Chuck it out and try another. Buy small bottles, oxidation is an enemy.




And lastly, if there is no vermouth in your martini, you should quit being a poser and just order a gin on the rocks.  :mn:bn


----------



## qwerty1500 (Feb 24, 2006)

replicant_argent said:


> yep, vermouth is fairly cheap, if you don't like the particular flavor..
> 
> Chuck it out and try another. Buy small bottles, oxidation is an enemy.
> 
> And lastly, if there is no vermouth in your martini, you should quit being a poser and just order a gin on the rocks.


:tpd: Don't be afraid of vermouth. It's what makes gin a martini.


----------



## smokin5 (Mar 28, 2007)

Any decent dry vermouth will work just fine, though I do tend to gravitate toward Martini & Rossi. 
Don't buy a larger bottle than the .375 ml splits because vermouth is really a wine & does not store well, even in the fridge. 
I use the classic 3:1 ratio of gin to vermouth, plus 2 drops of bitters.
If you don't use vermouth, you're just making cold gin.
And yes, I prefer Tanquerey gin, also.:tu

Correction to post above:
You can use sweet vermouth in a Martini if you prefer, or a 50/50 mix of sweet & dry vermouths.

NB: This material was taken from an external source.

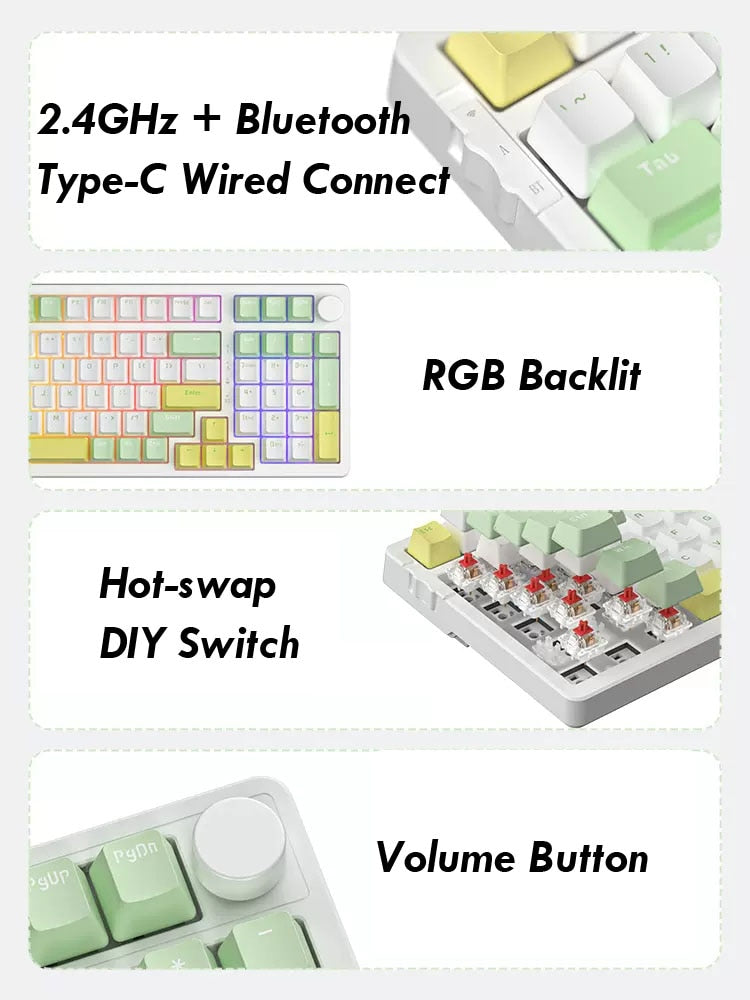 Ajazz AK992 92 Keys DIY Switch Keyboard Red Green Brown Shaft Hot-swap Mechanical Keyboard with RGB/White/No Backlit Optional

Sweet vermouth does NOT make the gin mixture a Manhattan. 
A Manhattan is made with rye whiskey & vermouth (sweet or dry, tho sweet is usually preferred). 
Or some say you can use bourbon & vermouth.


----------



## yourchoice (Jun 25, 2006)

smokin5 said:


> I use the classic 3:1 ratio of gin to vermouth, plus 2 drops of bitters.
> If you don't use vermouth, you're just making cold gin.
> And yes, I prefer Tanquerey gin, also.:tu


I prefer a ratio around 5:1. I'm not sure what makes a certain ratio "classic", but I've seen and read a classic or traditional gin martini with anywhere from a glass coating of vermouth to a 2:1 ratio. I say you should experiment with it and drink what you like.
And FWIW I prefer Bombay Sapphire, but Hendricks when I want a treat :tu 



smokin5 said:


> Correction to post above:
> You can use sweet vermouth in a Martini if you prefer, or a 50/50 mix of sweet & dry vermouths. Sweet vermouth does NOT make the gin mixture a Manhattan.
> A Manhattan is made with rye whiskey & vermouth (sweet or dry, tho sweet is usually preferred).
> Or some say you can use bourbon & vermouth.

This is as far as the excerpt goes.